Exercise: Print, unchanged, the line containing "Renee - Biała" along with all lines that follow it to the end of the listing.

Input data:
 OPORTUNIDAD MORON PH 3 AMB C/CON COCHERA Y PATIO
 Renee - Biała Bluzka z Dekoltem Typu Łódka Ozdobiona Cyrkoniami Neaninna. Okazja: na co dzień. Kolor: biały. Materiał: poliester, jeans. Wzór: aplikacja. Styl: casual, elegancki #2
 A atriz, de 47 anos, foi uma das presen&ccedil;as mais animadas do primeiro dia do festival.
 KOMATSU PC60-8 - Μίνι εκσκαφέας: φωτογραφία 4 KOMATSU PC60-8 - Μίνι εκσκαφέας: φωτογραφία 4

Answer area:
 Renee - Biała Bluzka z Dekoltem Typu Łódka Ozdobiona Cyrkoniami Neaninna. Okazja: na co dzień. Kolor: biały. Materiał: poliester, jeans. Wzór: aplikacja. Styl: casual, elegancki #2
 A atriz, de 47 anos, foi uma das presen&ccedil;as mais animadas do primeiro dia do festival.
 KOMATSU PC60-8 - Μίνι εκσκαφέας: φωτογραφία 4 KOMATSU PC60-8 - Μίνι εκσκαφέας: φωτογραφία 4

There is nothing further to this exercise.